▶ _ASSIGNMENT_: The span to repeat in the listing below runs from the line containing "Armed Israeli Air" to the line containing "Heart Shaped Match", inclusive. Repeat it exactly, and only it.

▶ _SOURCE DATA_:
* * * * * * *

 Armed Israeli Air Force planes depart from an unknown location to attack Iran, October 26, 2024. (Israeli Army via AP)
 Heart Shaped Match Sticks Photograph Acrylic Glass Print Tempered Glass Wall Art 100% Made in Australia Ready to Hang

* * * * * * *

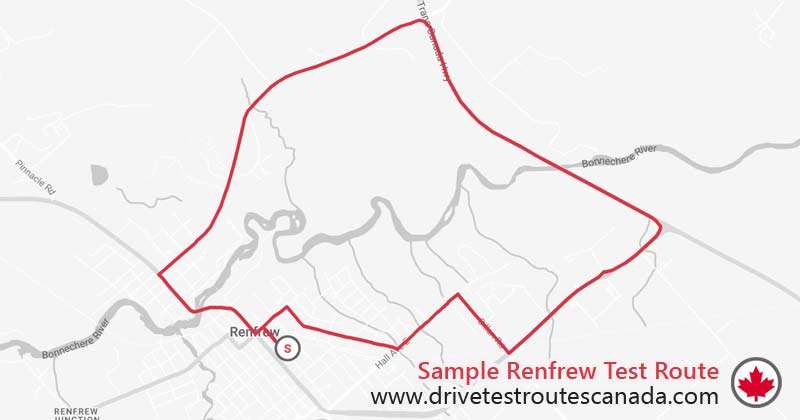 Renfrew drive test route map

* * * * * * *

▶ _TASK RESULT_:
 Armed Israeli Air Force planes depart from an unknown location to attack Iran, October 26, 2024. (Israeli Army via AP)
 Heart Shaped Match Sticks Photograph Acrylic Glass Print Tempered Glass Wall Art 100% Made in Australia Ready to Hang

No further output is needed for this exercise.